Despite providing us with some validation in our attempt, this paper has shown that there are headphone frequency responses that are more preferred by the listeners than our curve. Since this independent study was conducted using measurements on the same test platform we use, the B&K5128, it gives us some clues as to how we will be modifying our preference curve in its next iteration to be more representative of the listening preferences of the population at large.
Stay tuned for more on this coming soon!
What this AES paper doesn’t tell us
It’s curious is that our curve was included in this test, but other popular proposed targets were not. For example, no variations on the Diffuse-field correction (that was included) — such as adding a “downward tilt,” which many people online advocate for — were included. Four different versions of the Harman research curve were included, but the “extended high frequency” Harman curve variant proposed by Thomas Miller and Cristina Downey at Knowles (their “Preferred Listening Response“) was not included in the study, which is disappointing.

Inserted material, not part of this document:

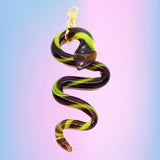 Charm serpiente negra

It’s important to recognize the general limitations of a “target curve” as it applies to a headphone’s frequency response. Just because a frequency response scores well in a listening test like this doesn’t mean it’ll be a perfect match for your preference, but it does increase the chances that you’ll like it. Any target curve, be it the Harman curve or the SoundGuys headphone preference curve, is more descriptive than prescriptive: headphones that sound good often have frequency responses that measure close to these curves.
“The Harman target is intended as a guideline and is not the last word on what makes a headphone sound good.” – Dr. Sean Olive.
The results from the test showed that there’s variability in preferences depending on the musical excerpt being judged. So it’s fair to say that there is song-to-song, variation, and no response curve is objectively better all the time. This could be an area for further study. There are also variables in listener groups including age, sex, and high-frequency hearing thresholds that were not examined in this study but have been considered elsewhere (the Knowles”Preferred Listening Response”).
It’s also worth noting that HP3’s frequency response is quite different from both the Harman 2018 and the SoundGuys response curves, but was ranked highly: sometimes departures from a standard aren’t necessarily “bad,” as evidenced by HP3 scoring so high.